Tutorial - Computing the relative risk of observing identical pathogen sequences


This repository contains a tutorial describing the different steps to compute the relative risk of observing identical sequences between two groups. Compared with the repository associated with the preprint where we introduce the method, this is modified to be able to accomodate very large sequencing datasets. To do so, the strategy has been to use pairsnp to compute the pairwise distance matrix and using tsv-utils to directly analyse tsv files without requiring to open them within R (where file loading can become unnecessarily long for larger files).

Setup & installation

We use conda to define an environment containing all the required depencencies. We can then use conda to install the required dependencies. The environment can be created and activated using the following commands:

# Install
conda env create -f envs/idseq.yaml
# Activate
source activate idseq

If needed, the environment can be deactivated / deleted using the following command:

# Deactivate 
conda deactivate
# Remove
conda env remove --name idseq

Performing analyses

1. Computing pairwise distance matrices within a fasta file

pairsnp can be used to compute a pairwise distance matrix from aligned sequences

# Creating header in the output file
echo "strain_1\tstrain_2\tn_mutations" > "results/df_genetic_distance.tsv"
# Generating pairwise distance matrix
pairsnp -s "data/synthetic-fasta.fasta" >> "results/df_genetic_distance.tsv"

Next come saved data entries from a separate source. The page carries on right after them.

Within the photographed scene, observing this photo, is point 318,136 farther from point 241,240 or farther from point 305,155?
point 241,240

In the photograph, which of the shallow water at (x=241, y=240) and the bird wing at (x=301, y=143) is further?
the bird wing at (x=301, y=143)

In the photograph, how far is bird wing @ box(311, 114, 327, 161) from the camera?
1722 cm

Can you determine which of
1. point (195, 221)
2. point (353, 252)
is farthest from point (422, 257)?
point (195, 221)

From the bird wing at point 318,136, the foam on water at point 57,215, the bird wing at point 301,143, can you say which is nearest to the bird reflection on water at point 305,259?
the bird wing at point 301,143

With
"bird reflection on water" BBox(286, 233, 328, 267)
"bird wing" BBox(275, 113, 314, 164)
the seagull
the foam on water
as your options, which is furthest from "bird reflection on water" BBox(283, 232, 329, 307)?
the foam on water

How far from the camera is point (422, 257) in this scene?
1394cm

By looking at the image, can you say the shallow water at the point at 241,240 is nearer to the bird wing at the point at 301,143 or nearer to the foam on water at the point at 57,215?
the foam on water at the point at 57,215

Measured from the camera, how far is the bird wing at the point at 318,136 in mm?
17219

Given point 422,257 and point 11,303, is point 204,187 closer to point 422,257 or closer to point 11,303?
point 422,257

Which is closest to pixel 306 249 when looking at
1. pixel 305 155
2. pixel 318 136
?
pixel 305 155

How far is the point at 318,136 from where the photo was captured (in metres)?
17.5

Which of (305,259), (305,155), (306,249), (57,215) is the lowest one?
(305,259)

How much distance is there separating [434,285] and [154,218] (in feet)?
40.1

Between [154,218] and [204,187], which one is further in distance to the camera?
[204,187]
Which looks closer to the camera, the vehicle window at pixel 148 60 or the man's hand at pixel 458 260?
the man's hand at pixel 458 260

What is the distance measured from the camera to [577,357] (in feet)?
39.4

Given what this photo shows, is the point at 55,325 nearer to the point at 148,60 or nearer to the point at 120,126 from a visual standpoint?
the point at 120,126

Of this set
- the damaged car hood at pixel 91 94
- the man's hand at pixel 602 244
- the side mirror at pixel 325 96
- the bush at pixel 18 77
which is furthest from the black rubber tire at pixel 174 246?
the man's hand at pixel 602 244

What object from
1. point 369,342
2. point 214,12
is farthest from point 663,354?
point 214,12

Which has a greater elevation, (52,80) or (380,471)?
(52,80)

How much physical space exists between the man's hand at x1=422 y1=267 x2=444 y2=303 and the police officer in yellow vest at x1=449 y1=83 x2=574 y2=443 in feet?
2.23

2. Downsampling the distance matrix only to pairs of identical sequences

tsv-filter can be used to only keep pairs of sequences that are identical.

tsv-filter -H --eq n_mutations:0 "results/df_genetic_distance.tsv" > "results/df_pairs_id_seq.tsv"

Another option would have been to directly add the flag -t 0 in the pairsnp command to only save pairs of sequences that are identical.

3. Matching metadata to pairs of identical sequences

append_metadata_field.R uses tsv-join to add metadata fields to a dataframe with pairs of identical sequences. The metadata file needs to contain a column called strain. Metadata fields to be appended to the dataframe with the list of pairs of identical sequences can be indicated by the --metadata_field flag. A metadata column named field will be indicated in the dataframe of pairs of identical sequences using the columns field_1 and field_2 to indicate the corresponding values for strain_1 and strain_2.

At the moment, this script would not work if some metadata field names are nested within each other (e.g. group and subgroup, region and big_region ...)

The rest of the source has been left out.